**Required work**
Repeat the entries exactly, and do not carry the pictures over.

Data entries:
▬▬▬▬▬▬
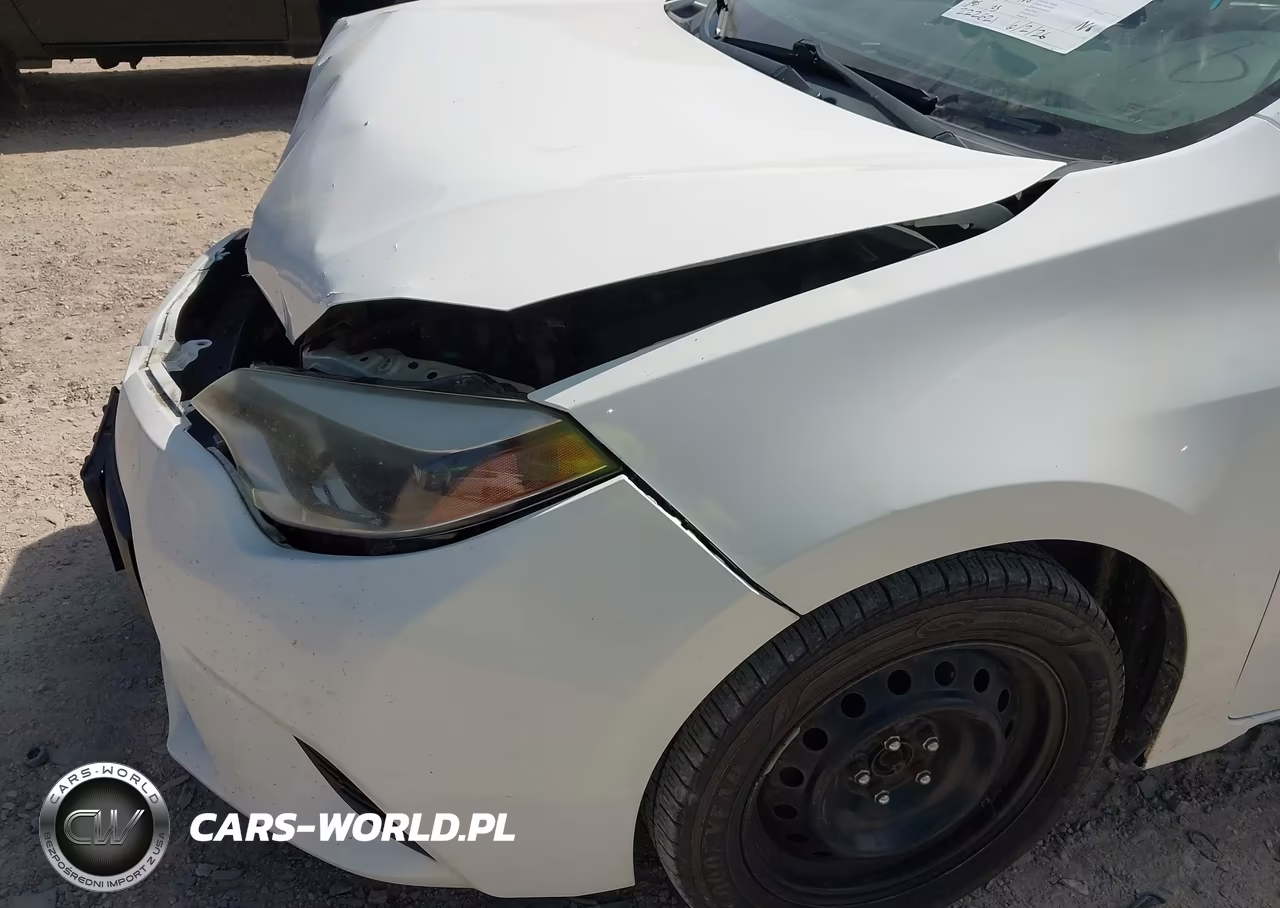 2014 Toyota Corolla Le VIN:5YFBURHE3EP140347 - 19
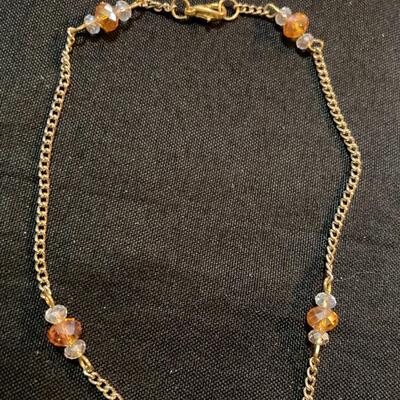 Designer Costume Necklace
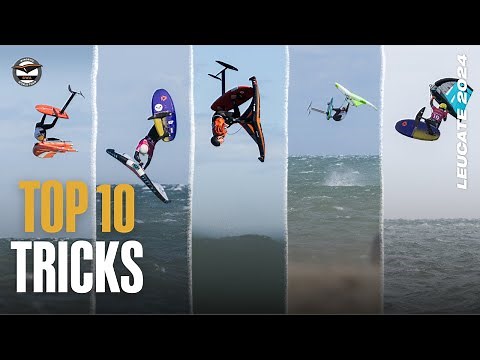 THE BEST WINGFOIL FREESTYLE TRICKS | GWA Wingfoil World Cup France 2024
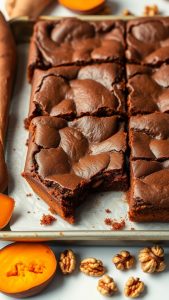 Sweet Potato Brownies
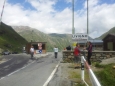 Hraniční přechod ze Švýcarska do italské bezcelní oblasti Livigna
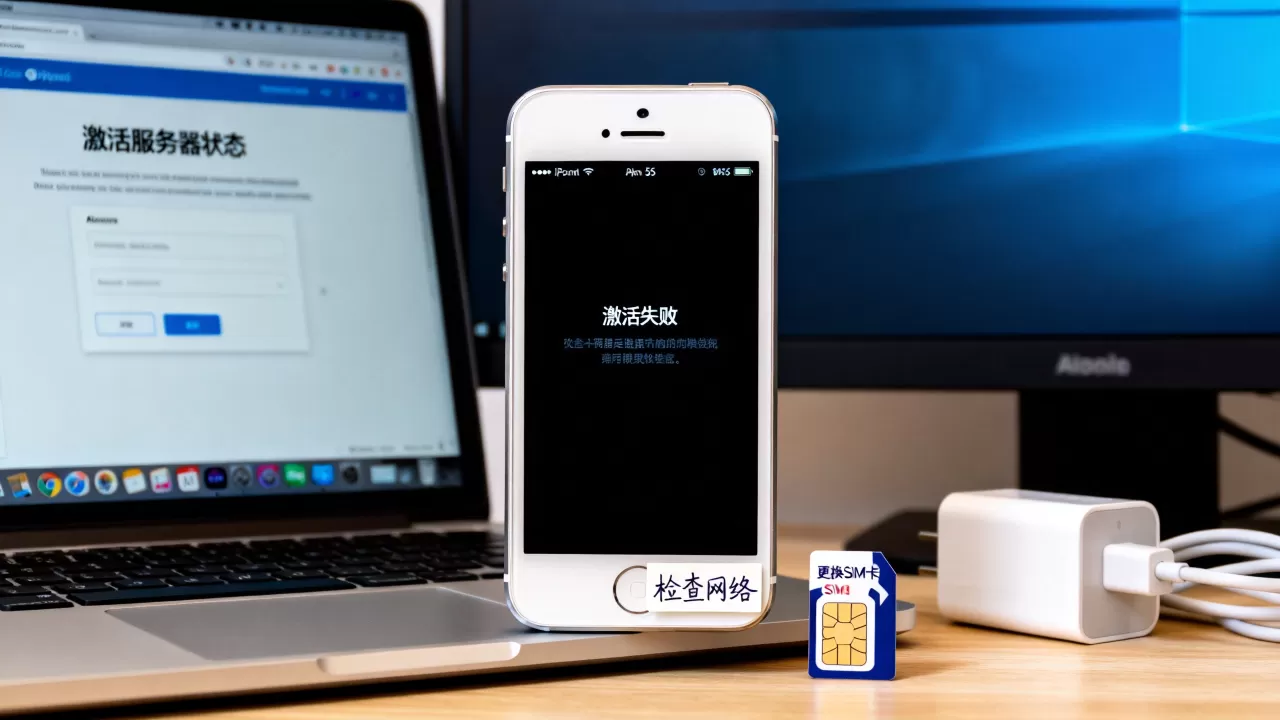 苹果5s激活服务器为什么失败,怎么解决? 苹果5s激活服务器为什么失败,怎么解决?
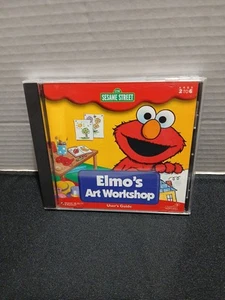 Elmo’s Art Workshop Sesamstraße PC Software Bildung: Neu versiegelt Windows & Mac - Bild 1 von 4
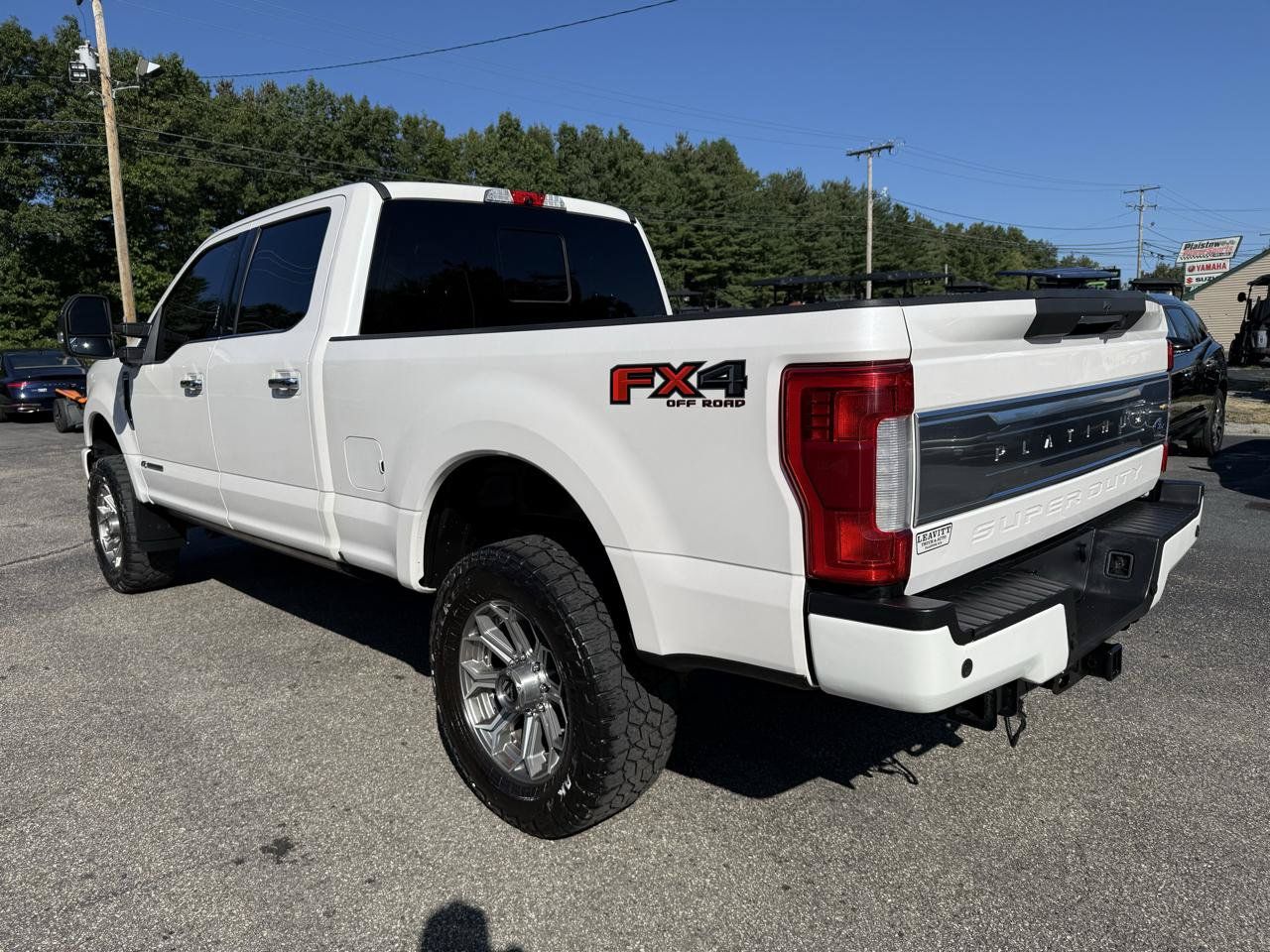 Used 2019 Ford F350 Platinum w/ Platinum Ultimate Package AWD/4WD image 17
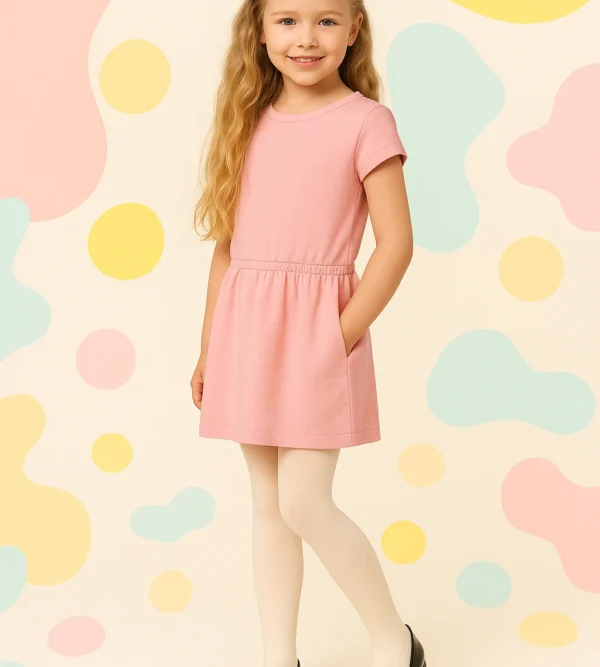 RAJSTOPY DZIECIĘCE MICROFIBRE GŁADKIE 40DEN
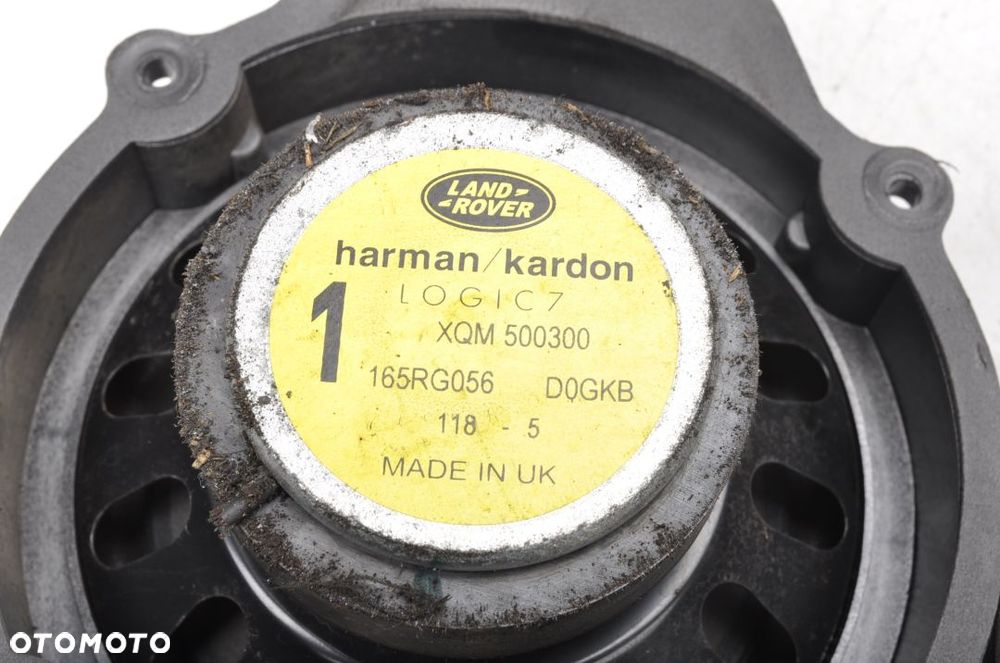 RANGE ROVER SPORT L320 GŁOŚNIKI WZMACNIACZ HARMAN - 5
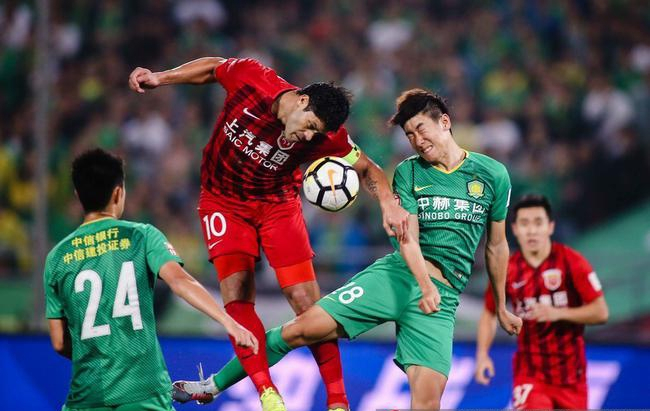 上港完胜国安，取得连胜改为上港大胜国安，豪取连胜的简单介绍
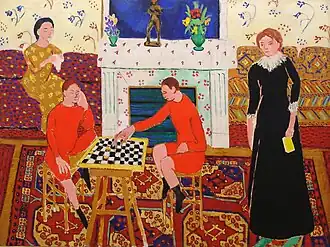 La Famille du peintre, 1911 – Musée de l'Ermitage, Saint-Pétersbourg.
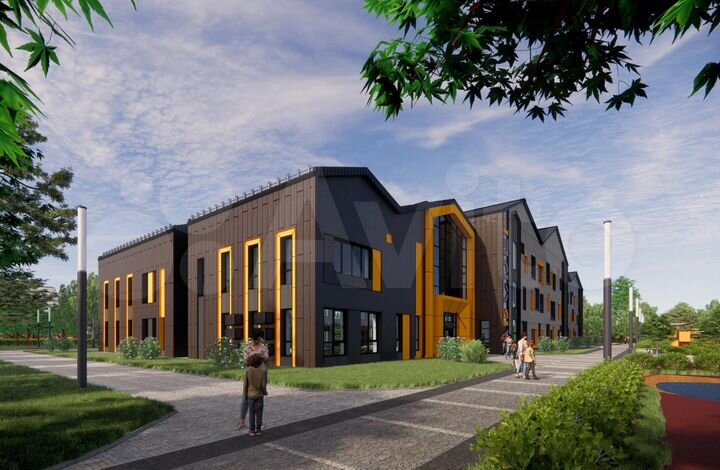 2-к. квартира, 59,4 м², 2/17 эт.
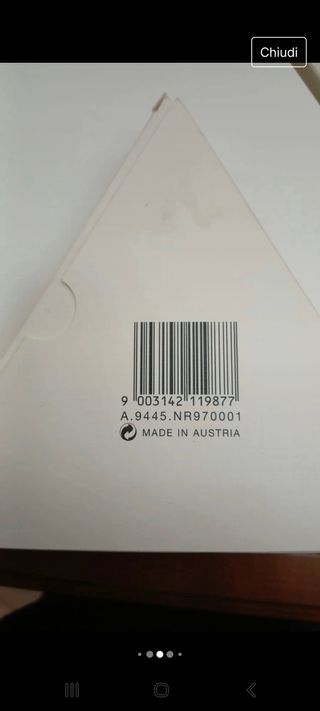 Swarovski christmas star 1997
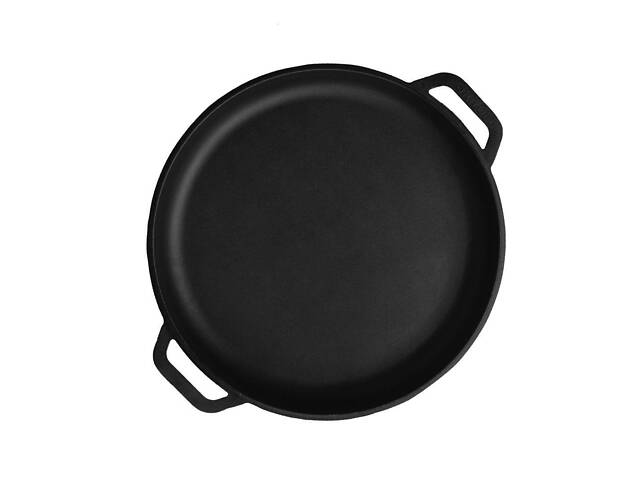 Крышка-сковорода чугунная Ø 280 мм - Фото 1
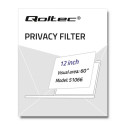 Qoltec 51066 display privacy filters 30.5 cm (12")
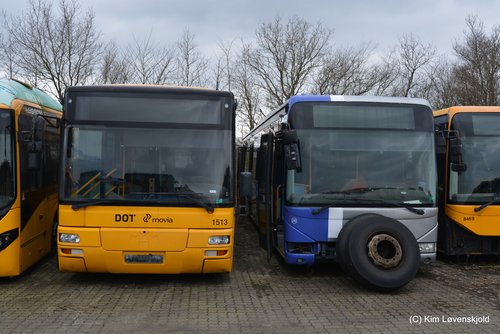 2009' MAN Lion's City T & 2009' Irisbus Crossway LE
▬▬▬▬▬▬
**Task response**
 2014 Toyota Corolla Le VIN:5YFBURHE3EP140347 - 19
 Designer Costume Necklace
 THE BEST WINGFOIL FREESTYLE TRICKS | GWA Wingfoil World Cup France 2024
 Sweet Potato Brownies
 Hraniční přechod ze Švýcarska do italské bezcelní oblasti Livigna
 苹果5s激活服务器为什么失败,怎么解决? 苹果5s激活服务器为什么失败,怎么解决?
 Elmo’s Art Workshop Sesamstraße PC Software Bildung: Neu versiegelt Windows & Mac - Bild 1 von 4
 Used 2019 Ford F350 Platinum w/ Platinum Ultimate Package AWD/4WD image 17
 RAJSTOPY DZIECIĘCE MICROFIBRE GŁADKIE 40DEN
 RANGE ROVER SPORT L320 GŁOŚNIKI WZMACNIACZ HARMAN - 5
 上港完胜国安，取得连胜改为上港大胜国安，豪取连胜的简单介绍
 La Famille du peintre, 1911 – Musée de l'Ermitage, Saint-Pétersbourg.
 2-к. квартира, 59,4 м², 2/17 эт.
 Swarovski christmas star 1997
 Крышка-сковорода чугунная Ø 280 мм - Фото 1
 Qoltec 51066 display privacy filters 30.5 cm (12")
 2009' MAN Lion's City T & 2009' Irisbus Crossway LE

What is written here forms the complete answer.